Motivation
This is a sort of follow-up to my previous post analysing voting behavior on the steem blockchain. What I'll demonstrate here is a few methods to seperate posts with questionable voting patterns from posts that appear more organic, as well as digging into the voters on the less organic posts to see if we can find some patterns that help to tell us the extent of bot use in top posts. In this post we'll take a look at the number of posts arriving per second for given posts and the crossover in these voting spikes.
Background and Tools
For background please refer to my previous post, particularly the Background, Imports, Data and Helper Function sections. These explain how I got the data and the basic functions that I use to process it. Note: for this analysis I'll use the same data (January 2018).
Process
For clarity I decided not to do any python magic for finding maximum values (this will become more clear right away) so I wrote this simple looping function to find the max element of the first list in a 2xN list and return both values.
def max_both(lst):
mx = lst[0][0]
other_max = lst[1][0]
for i,element in enumerate(lst[0]):
if element >= mx:
mx = element
other_max = lst[1][i]
return mx, other_max
The below code using the relative_times
function (which takes all votes on a post and returns their time relative to the post creation) from my previous post.
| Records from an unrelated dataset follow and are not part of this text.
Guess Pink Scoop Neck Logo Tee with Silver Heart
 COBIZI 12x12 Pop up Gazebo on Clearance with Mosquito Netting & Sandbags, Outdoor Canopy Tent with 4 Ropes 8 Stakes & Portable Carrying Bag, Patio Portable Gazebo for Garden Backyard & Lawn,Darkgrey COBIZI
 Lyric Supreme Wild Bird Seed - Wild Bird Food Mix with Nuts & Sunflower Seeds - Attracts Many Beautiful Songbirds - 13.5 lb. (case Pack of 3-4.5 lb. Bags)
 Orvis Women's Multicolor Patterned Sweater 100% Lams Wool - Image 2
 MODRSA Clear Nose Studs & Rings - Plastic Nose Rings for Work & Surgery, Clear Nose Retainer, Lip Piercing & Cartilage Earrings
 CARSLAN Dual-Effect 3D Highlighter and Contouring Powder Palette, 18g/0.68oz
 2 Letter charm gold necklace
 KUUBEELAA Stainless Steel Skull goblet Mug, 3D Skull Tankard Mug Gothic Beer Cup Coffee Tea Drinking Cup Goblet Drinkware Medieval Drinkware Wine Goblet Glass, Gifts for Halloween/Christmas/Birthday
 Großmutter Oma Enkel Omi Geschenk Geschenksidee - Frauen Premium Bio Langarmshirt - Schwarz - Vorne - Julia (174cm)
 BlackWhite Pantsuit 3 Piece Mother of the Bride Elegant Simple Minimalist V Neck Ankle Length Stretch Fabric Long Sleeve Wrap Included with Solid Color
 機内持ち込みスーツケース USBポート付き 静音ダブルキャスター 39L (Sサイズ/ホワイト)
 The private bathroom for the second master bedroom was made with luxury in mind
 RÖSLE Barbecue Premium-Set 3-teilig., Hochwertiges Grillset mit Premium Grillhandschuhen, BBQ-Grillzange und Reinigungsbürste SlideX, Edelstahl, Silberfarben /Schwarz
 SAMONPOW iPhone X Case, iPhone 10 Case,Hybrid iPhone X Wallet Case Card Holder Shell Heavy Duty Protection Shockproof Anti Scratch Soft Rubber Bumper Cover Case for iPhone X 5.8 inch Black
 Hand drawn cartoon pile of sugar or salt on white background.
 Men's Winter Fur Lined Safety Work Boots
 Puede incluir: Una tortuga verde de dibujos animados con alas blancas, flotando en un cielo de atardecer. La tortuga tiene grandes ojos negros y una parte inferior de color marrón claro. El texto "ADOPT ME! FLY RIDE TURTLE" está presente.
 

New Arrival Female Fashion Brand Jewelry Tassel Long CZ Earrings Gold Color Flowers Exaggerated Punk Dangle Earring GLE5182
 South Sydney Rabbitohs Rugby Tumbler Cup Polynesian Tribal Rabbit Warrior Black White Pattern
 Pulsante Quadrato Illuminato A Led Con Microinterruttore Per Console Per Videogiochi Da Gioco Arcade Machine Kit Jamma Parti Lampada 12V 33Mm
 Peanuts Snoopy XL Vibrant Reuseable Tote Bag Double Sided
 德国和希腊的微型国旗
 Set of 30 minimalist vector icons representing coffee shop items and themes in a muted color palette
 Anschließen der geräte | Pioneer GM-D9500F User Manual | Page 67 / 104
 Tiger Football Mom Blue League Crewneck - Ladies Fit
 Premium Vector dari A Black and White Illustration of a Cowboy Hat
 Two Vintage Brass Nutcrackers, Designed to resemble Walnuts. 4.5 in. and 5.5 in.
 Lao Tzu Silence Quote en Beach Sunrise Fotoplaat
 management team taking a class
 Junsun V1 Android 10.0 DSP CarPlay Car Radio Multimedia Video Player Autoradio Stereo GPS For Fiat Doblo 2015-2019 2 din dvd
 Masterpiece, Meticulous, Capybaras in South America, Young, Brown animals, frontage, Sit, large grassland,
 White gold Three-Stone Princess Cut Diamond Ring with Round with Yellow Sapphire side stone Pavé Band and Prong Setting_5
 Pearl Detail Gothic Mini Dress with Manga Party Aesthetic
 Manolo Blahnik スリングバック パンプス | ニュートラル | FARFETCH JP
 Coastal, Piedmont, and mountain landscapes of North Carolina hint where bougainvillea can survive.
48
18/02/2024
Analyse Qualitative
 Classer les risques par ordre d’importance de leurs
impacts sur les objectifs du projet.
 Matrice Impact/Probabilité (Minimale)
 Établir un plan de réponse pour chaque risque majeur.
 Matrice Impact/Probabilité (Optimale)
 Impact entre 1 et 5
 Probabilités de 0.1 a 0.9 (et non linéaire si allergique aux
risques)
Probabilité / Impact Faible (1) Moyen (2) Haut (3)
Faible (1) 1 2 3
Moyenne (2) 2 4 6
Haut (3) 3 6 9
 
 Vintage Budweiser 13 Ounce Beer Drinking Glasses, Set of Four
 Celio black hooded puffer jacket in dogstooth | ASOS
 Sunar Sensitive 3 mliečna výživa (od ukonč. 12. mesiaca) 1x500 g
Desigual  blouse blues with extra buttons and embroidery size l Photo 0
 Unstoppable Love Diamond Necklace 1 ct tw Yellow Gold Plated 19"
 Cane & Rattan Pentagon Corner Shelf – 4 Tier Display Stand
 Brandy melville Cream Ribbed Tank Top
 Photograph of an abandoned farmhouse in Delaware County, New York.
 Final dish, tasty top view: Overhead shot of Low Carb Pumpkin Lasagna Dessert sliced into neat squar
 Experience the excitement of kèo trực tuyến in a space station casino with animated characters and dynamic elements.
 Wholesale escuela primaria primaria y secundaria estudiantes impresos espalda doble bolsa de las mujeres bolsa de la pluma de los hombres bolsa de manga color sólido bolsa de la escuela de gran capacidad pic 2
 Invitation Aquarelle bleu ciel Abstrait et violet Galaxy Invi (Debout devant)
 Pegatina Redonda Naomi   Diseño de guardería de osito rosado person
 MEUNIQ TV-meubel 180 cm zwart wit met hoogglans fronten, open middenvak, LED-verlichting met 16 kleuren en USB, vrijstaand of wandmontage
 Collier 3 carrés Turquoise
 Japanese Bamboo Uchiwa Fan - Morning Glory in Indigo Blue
A histogram is then generated using these values with a bin size of 1 second. This tells us how many times a post was voted for in each 1 second period after it was created. All we really care about here is the maximum number of votes that happened in a 1 second. The idea is that if we see a post where the maximum number of votes per second is un-reasonably high, we know that an army of bots hit the post, or a curator with a reasonably large trail voted for it. We'll also keep a list of when these peaks happened so we can perform some analysis later.
# Votes per second
vps = []
# The lower end of the time bin
time_slot = []
for post in top_posts:
relatives = relative_times(post, scale = 1)
hist = np.histogram(relatives, bins = int(max(relatives)))
vmax, bmax = max_both(hist)
vps.append(vmax)
time_slot.append(bmax)
print("The maximum number of posts per second is: {0}".format(max(vps)))
plt.plot(vps)
plt.ylabel("Votes per Second")
plt.xlabel("Post #")
The maximum number of posts per second is: 66
More than 60 upvotes in 1 second? Unlikely without bots or curation trails. While anything above 1 vote per second feels a bit suspicious to me, we'll take 10 to be the cutoff and assume that > 10 upvates per second implies the use of bots.
bot_posts = [top_posts[i] for i in range(len(vps)) if vps[i] > 10] # 77 posts
Below we have some fairly simple code to compare the total number of votes in a time period (January 2018) to the number of unique voters in the same period. We do this using a set, which in python is guarenteed to not have duplicate entries. We add voters name to this set and after all the voters the length of the set will be the number of unique voters. Note: this isn't the most "pythonic" way to do this, but it's more clear with 2 for loops.
votes = 0
unique_voters = set()
for post in top_posts:
for vote in post['active_votes']:
unique_voters.add(vote['voter'])
votes += 1
print("Votes: {0}".format(votes))
print("Unique Voters: {0}".format(len(unique_voters)))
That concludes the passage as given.